Amir Ahmad Nasr (Khartoum, 1986) is a Sudanese blogger and digital media and marketing consultant. He is the writer of an English-language blog, The Sudanese Thinker.

==Early life and education==
Born in Khartoum, Nasr was raised in Qatar and Malaysia. Raised by parents who were not particularly pious Muslims, he began his education at Islamic schools in Qatar and Kuala Lumpur. Nasr became more and more devout, but later, as a teenager in Kuala Lumpur, he encountered young liberal-minded Muslims online and in person and began to question his faith. He started his own blog, on which he recorded his shifting religious views.

==Career==
Nasr began writing his blog in 2006 because he felt that not enough Sudanese citizens were speaking out about Darfur. His blog helped encourage other people in Sudan to start English-language blogs. It also became a significance source of information for foreign journalists and audiences.

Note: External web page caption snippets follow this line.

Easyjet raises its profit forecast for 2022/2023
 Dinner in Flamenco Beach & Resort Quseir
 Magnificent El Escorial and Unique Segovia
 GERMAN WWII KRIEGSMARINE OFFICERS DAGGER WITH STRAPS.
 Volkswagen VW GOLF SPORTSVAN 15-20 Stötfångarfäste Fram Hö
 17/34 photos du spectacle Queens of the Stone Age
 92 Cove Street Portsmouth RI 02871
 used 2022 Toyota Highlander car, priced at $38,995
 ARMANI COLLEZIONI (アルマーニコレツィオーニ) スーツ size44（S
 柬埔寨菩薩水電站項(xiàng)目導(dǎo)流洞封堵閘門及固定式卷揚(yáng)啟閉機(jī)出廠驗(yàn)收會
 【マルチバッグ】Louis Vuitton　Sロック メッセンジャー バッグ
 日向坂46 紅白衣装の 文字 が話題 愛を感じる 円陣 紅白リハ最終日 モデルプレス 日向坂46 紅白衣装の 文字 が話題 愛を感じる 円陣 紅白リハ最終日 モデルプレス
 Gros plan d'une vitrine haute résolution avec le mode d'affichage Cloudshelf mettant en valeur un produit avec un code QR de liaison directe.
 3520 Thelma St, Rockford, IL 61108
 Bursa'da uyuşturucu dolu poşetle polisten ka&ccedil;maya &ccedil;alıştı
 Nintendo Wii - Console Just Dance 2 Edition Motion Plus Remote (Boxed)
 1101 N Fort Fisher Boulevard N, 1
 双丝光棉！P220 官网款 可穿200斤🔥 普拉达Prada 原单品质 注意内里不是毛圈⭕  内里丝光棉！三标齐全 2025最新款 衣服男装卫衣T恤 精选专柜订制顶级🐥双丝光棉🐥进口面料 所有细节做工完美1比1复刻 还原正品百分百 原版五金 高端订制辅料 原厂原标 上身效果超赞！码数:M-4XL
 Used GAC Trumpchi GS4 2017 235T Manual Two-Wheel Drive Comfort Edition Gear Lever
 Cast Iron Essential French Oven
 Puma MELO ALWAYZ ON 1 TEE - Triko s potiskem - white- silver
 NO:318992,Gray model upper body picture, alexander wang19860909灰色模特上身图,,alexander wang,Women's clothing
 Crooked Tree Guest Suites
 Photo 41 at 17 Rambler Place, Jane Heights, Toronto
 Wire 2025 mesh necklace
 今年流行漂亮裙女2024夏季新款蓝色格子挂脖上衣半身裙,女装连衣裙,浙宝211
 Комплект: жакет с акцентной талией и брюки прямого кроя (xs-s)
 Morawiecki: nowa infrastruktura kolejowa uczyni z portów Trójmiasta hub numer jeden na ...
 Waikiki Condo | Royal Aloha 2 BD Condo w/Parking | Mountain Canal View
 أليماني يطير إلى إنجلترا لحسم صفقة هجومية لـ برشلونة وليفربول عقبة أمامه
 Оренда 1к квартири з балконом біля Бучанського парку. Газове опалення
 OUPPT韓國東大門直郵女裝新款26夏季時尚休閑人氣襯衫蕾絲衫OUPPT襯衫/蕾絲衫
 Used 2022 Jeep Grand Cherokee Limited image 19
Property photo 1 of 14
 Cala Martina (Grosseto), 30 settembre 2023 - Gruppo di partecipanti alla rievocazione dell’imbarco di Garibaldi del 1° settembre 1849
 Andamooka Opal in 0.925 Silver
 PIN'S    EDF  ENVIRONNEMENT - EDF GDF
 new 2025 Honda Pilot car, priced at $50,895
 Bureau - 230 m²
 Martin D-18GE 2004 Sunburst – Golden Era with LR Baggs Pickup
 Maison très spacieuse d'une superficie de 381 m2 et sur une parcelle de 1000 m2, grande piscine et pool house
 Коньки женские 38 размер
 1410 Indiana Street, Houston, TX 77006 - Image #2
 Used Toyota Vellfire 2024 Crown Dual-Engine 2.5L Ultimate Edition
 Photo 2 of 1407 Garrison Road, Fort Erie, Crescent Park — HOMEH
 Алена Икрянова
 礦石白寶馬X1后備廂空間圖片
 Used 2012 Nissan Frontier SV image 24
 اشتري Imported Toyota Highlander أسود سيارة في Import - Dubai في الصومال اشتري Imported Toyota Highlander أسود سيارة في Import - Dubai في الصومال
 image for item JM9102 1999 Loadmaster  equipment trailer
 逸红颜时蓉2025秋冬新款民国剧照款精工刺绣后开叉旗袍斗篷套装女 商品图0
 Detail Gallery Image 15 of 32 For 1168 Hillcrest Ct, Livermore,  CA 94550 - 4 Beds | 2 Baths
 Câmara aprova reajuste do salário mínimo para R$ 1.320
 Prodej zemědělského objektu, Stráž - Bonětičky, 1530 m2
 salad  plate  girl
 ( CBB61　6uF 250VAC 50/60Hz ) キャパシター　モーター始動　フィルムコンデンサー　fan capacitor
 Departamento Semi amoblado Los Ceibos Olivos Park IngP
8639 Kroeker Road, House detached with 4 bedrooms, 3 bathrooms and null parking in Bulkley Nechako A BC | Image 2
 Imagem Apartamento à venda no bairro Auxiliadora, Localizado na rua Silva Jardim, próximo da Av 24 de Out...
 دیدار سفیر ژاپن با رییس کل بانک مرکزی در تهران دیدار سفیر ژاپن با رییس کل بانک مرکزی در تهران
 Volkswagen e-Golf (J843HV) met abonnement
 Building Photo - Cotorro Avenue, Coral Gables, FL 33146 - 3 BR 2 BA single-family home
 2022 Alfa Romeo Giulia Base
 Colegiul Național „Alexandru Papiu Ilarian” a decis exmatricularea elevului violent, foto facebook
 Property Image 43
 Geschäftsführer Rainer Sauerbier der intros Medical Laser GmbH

Originally, Nasr's blog was anonymous, but in 2011, during the Arab Spring, he revealed his identity. Since then he has become an author, activist, social entrepreneur, and human-rights advocate.

===My Isl@m: How Fundamentalism Stole My Mind – And Doubt Freed My Soul===
In 2013, he published his first book, My Isl@m: How Fundamentalism Stole My Mind—And Doubt Freed My Soul. In a starred review, Publishers Weekly praised the book for “seamlessly blend[ing] memoir with political thought and activism.” Author Clay Shirky has described the book as “a love letter to freedom of speech.” Another author, Ken Wilber, called it “an important and significant book.”

===Other writings===
In a June 2011 article for the Guardian, he wrote that the secession of what is now South Sudan would not end Sudan's “Afro-Arab identity crisis” or “magically turn the country into a genuinely Arab Islamic nation-state despite what Omar al-Bashir may want.” On the contrary, he wrote, “Sudan always has been and always will be a multi-ethnic, multi-religious melting pot.”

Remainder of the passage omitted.